We've kicked into spring gear. It feels good.
C. is starting tomatoes. I think she has three flats (one more than last year) and a couple of trays of small pots. She always goes overboard on tomatoes, but it's (mostly) a good thing. We grow beautiful tomatoes – big fat Prudens Purples, weird fat pointy Opalkas, baskets full of Balconnoye Chudos – plenty to eat fresh and to can and dry and freeze. I think she's starting 25 different varieties, five or six new to us, and the rest old favorites. We have great luck with Ukranian tomatoes from seeds we order from Nikitovka. The Czech Stupice (Stoo-PEACH-ka) is usually our earliest tomato. And every variety we try has something special to offer. So, yes, we're nuts abut tomatoes.
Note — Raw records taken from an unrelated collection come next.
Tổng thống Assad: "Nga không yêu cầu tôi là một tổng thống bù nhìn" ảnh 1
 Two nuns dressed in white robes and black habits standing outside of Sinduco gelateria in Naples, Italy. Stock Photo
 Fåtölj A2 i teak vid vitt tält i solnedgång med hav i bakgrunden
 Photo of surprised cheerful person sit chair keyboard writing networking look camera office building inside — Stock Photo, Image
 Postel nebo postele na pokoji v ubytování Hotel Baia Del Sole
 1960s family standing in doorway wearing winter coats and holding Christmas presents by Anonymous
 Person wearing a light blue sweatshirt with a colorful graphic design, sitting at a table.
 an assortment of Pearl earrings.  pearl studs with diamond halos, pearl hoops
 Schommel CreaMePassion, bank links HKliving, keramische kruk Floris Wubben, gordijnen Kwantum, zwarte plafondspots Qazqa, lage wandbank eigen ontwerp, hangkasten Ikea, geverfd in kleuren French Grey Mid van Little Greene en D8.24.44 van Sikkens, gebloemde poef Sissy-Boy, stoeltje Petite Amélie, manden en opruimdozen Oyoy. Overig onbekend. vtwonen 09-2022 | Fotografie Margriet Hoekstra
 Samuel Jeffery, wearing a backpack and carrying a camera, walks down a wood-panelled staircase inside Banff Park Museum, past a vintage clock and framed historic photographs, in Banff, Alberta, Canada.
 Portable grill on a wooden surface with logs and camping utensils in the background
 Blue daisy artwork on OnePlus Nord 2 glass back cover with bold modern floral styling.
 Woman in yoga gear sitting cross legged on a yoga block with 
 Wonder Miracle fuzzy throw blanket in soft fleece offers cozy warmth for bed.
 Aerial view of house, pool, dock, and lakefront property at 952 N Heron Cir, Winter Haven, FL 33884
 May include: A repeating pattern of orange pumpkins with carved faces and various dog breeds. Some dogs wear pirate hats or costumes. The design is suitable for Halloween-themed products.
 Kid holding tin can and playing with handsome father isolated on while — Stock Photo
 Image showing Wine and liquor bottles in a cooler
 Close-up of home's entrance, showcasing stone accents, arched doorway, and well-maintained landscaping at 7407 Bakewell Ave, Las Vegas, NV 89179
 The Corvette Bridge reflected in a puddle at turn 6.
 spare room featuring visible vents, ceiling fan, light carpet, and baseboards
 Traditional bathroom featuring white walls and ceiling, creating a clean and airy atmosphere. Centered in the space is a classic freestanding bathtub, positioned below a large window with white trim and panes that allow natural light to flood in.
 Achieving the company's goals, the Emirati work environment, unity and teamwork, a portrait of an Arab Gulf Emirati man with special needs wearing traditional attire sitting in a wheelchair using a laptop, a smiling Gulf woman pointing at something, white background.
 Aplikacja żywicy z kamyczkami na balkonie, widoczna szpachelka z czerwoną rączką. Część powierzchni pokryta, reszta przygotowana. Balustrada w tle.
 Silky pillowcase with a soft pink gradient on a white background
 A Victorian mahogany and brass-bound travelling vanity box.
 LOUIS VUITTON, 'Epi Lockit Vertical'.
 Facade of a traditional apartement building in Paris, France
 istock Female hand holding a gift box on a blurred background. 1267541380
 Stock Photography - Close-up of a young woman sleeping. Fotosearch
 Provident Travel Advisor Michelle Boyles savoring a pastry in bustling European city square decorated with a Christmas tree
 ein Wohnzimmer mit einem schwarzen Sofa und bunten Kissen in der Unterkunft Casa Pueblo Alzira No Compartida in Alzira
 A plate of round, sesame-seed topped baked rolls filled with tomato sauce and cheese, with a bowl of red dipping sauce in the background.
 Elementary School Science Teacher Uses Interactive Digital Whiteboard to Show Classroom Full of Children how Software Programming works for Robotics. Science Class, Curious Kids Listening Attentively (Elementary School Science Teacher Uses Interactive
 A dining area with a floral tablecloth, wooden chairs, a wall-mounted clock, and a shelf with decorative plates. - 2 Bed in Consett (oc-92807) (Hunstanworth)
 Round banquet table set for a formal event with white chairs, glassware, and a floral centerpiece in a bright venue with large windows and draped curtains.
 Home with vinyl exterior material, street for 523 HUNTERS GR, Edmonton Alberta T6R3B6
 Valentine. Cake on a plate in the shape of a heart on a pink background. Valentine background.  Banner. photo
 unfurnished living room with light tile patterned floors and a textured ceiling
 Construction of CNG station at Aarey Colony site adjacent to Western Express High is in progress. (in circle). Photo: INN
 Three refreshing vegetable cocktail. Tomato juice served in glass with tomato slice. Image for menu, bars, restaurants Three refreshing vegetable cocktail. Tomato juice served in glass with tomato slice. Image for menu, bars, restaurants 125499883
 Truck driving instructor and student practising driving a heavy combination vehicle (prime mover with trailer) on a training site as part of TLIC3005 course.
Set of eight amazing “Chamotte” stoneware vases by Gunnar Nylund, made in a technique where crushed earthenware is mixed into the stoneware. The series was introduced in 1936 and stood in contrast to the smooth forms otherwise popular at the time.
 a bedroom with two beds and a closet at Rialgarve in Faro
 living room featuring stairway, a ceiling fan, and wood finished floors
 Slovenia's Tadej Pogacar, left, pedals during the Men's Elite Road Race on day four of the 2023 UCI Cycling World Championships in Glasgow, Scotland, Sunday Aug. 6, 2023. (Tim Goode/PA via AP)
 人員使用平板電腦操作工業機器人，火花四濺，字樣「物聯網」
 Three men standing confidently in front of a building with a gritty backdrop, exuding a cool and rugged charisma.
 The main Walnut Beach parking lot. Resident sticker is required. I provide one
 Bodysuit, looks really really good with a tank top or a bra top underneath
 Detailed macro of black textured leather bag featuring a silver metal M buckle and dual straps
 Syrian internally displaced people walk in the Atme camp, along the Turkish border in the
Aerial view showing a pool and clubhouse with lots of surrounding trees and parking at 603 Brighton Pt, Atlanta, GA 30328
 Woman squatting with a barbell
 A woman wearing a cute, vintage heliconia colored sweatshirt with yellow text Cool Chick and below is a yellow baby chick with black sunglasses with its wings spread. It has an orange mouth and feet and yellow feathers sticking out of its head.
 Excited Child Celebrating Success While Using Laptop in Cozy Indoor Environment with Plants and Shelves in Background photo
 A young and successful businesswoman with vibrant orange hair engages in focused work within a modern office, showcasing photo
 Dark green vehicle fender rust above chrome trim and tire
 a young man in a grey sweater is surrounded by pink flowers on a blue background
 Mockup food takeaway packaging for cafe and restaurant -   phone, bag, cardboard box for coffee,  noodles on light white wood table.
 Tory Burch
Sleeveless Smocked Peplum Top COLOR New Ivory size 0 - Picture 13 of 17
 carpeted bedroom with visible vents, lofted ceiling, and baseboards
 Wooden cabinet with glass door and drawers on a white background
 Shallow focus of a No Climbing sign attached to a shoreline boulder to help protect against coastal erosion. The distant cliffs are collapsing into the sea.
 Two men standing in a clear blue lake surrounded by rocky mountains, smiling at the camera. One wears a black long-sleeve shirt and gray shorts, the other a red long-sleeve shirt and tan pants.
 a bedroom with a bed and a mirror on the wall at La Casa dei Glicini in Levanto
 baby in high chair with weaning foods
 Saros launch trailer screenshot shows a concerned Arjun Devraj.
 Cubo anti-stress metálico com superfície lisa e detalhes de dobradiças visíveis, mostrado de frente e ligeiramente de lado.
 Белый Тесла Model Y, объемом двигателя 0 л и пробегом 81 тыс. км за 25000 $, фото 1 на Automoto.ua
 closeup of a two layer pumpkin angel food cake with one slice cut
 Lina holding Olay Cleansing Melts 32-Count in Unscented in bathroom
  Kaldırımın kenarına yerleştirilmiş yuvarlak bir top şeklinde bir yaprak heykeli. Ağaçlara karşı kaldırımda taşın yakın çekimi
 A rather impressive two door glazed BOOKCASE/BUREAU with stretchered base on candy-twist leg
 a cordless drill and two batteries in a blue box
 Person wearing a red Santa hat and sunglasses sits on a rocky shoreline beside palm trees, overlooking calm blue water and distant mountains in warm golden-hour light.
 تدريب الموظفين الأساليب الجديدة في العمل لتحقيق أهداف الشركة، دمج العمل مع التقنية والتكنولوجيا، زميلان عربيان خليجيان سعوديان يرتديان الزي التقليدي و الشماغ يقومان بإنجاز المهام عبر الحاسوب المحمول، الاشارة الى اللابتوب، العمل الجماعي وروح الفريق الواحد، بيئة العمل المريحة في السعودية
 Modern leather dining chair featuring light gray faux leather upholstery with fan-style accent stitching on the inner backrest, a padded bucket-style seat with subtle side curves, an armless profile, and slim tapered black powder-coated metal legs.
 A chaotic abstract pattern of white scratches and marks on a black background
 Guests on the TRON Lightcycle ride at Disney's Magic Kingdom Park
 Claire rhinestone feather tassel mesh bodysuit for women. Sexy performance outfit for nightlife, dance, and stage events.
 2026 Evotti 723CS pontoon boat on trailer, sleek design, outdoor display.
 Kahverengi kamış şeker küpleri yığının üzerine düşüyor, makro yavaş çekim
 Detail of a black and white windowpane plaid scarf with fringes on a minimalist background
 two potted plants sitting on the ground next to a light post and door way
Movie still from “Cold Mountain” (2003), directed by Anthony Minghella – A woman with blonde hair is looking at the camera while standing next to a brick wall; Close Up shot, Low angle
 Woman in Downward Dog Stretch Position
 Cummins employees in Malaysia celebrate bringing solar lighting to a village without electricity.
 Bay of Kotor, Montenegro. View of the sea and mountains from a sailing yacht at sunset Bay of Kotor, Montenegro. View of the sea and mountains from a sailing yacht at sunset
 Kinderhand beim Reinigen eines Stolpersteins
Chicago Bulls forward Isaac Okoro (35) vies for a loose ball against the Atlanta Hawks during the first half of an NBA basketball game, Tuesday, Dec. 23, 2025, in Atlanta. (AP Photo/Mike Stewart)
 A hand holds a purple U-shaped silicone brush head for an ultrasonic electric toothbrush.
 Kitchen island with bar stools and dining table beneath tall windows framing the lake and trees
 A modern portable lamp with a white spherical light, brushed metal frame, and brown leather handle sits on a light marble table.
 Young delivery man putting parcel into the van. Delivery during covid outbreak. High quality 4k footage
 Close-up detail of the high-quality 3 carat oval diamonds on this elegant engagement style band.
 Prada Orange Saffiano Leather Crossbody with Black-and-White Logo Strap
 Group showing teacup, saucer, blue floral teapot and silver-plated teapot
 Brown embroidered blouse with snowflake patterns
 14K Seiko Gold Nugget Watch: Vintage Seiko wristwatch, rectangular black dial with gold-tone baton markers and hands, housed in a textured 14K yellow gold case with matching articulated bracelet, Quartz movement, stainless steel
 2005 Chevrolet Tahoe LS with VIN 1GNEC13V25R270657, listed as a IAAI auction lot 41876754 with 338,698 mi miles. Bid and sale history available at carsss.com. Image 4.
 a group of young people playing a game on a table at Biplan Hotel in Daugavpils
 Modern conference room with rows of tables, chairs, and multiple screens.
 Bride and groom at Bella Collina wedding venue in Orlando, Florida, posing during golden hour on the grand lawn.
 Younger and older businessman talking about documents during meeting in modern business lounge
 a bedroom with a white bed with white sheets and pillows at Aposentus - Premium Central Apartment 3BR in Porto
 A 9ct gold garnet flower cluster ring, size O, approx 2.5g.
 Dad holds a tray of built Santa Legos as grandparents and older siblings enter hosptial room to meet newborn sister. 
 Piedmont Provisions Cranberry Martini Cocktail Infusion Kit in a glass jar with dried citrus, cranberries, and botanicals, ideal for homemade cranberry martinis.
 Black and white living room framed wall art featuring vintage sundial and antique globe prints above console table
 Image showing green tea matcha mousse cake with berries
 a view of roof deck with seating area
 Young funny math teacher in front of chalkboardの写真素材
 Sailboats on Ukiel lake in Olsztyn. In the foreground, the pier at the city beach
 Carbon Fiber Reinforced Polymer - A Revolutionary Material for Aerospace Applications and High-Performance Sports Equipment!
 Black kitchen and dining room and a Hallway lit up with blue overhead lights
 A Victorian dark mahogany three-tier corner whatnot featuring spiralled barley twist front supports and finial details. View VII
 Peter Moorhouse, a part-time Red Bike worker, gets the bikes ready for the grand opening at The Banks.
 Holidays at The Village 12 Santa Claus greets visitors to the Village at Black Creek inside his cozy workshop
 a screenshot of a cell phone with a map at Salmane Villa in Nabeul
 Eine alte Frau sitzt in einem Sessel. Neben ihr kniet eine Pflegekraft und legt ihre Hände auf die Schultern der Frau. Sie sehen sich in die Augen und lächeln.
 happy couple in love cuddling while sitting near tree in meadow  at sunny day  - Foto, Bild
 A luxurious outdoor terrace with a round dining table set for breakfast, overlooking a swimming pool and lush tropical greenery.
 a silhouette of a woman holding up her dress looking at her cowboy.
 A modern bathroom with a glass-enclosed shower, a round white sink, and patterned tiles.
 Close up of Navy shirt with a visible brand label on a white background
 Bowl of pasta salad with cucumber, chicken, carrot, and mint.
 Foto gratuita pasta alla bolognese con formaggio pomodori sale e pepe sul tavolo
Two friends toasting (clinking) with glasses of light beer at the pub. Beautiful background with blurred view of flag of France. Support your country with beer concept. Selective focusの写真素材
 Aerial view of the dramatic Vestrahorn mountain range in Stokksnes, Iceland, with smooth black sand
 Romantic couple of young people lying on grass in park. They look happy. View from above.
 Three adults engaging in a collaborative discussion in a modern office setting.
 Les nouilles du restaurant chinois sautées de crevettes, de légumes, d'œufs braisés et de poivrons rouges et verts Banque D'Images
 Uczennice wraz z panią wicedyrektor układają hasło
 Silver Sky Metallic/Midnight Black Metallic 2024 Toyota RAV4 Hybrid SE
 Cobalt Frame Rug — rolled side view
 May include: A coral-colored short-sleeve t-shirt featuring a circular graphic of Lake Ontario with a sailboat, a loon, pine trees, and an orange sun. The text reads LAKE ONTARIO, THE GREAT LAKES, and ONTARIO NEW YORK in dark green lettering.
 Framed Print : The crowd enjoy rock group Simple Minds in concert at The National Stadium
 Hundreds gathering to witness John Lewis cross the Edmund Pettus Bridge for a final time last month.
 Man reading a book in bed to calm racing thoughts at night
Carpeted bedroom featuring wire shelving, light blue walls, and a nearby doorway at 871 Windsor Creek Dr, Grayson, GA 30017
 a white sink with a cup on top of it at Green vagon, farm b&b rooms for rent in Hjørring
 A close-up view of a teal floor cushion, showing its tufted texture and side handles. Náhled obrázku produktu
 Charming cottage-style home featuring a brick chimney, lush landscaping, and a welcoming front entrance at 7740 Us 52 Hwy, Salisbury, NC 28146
I used to give her a hard time about starting so many – the greenhouse is usually packed with 150 or more plants come May – but last year I did the seed starting, and saw how hard it is to stop with two or ten of any variety. Those little seeds want to
grow! and we are helpless to resist.
We don't have room in the garden for 150 plants, but our friends have gardens, too, and can always be persuaded to take some home. When I was working, I'd smuggle flats of tomato plants off to my coworkers. My garden club had a booth at the Spokane Garden Expo last year, and they sold Spokanites a bunch of Ukranian tomatoes. It's all good!
I know the trendy Paleo diets and autoimmune diets say tomatoes (and nearly everything else we eat) should be avoided. I'm skeptical. I think if we eat what country folk ate before industrial fertilizers and herbicides and factory farms took over, we'll be OK. We'll see if my new naturopath agrees.
The greenhouse can barely hold 150 tomato plants... but there will be more this year, so we're planning an addition. I have two or three weeks before the plants outgrow their indoor setup and need to move outside, so I'd better get moving. The building is basically a tall roof and a low front wall, with three glass patio doors sitting on the wall and leaning to the roof. The door is set into an end wall, and a triangular bit of plastic fills the rest. It's all salvaged material and rather funky, but works well, if I do say so myself. Our brick building is the back wall and heat sink.
So I'm planning to attach another tall roof, short front wall and three more patio doors. I'll try to build it better (the old part has some pretty warped 2x4s, is getting swaybacked, and the glass doors could fit more tightly...).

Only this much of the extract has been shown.